We present an overview of the National Science Foundation’s Daniel K. Inouye Solar Telescope (DKIST), its instruments, and support facilities. The 4 m aperture DKIST provides the highest-resolution observations of the Sun ever achieved. The large aperture of DKIST combined with state-of-the-art instrumentation provide the sensitivity to measure the vector magnetic field in the chromosphere and in the faint corona, i.e. for the first time with DKIST we will be able to measure and study the most important free-energy source in the outer solar atmosphere – the coronal magnetic field. Over its operational lifetime DKIST will advance our knowledge of fundamental astronomical processes, including highly dynamic solar eruptions that are at the source of space-weather events that impact our technological society. Design and construction of DKIST took over two decades. DKIST implements a fast (f/2), off-axis Gregorian optical design. The maximum available field-of-view is 5 arcmin.
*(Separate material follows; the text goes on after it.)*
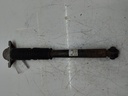 MTD-510241-3
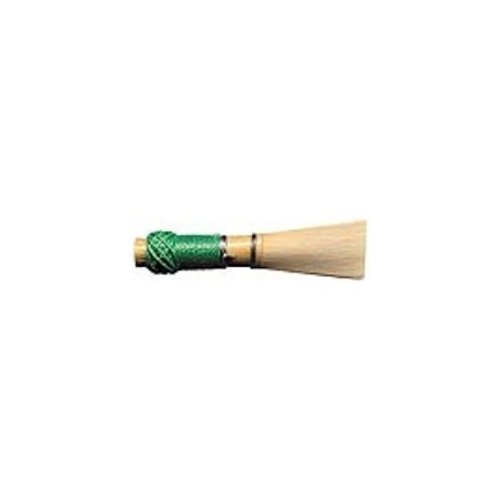 Bassoon Reed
A complex thermal-control system was implemented in order to remove at prime focus the majority of the 13 kW collected by the primary mirror and to keep optical surfaces and structures at ambient temperature, thus avoiding self-induced local seeing. A high-order adaptive-optics system with 1600 actuators corrects atmospheric seeing enabling diffraction limited imaging and spectroscopy. Five instruments, four of which are polarimeters, provide powerful diagnostic capability over a broad wavelength range covering the visible, near-infrared, and mid-infrared spectrum. New polarization-calibration strategies were developed to achieve the stringent polarization accuracy requirement of 5×10−4. Instruments can be combined and operated simultaneously in order to obtain a maximum of observational information. Observing time on DKIST is allocated through an open, merit-based proposal process. DKIST will be operated primarily in “service mode” and is expected to on average produce 3 PB of raw data per year. A newly developed data center located at the NSO Headquarters in Boulder will initially serve fully calibrated data to the international users community. Higher-level data products, such as physical parameters obtained from inversions of spectro-polarimetric data will be added as resources allow.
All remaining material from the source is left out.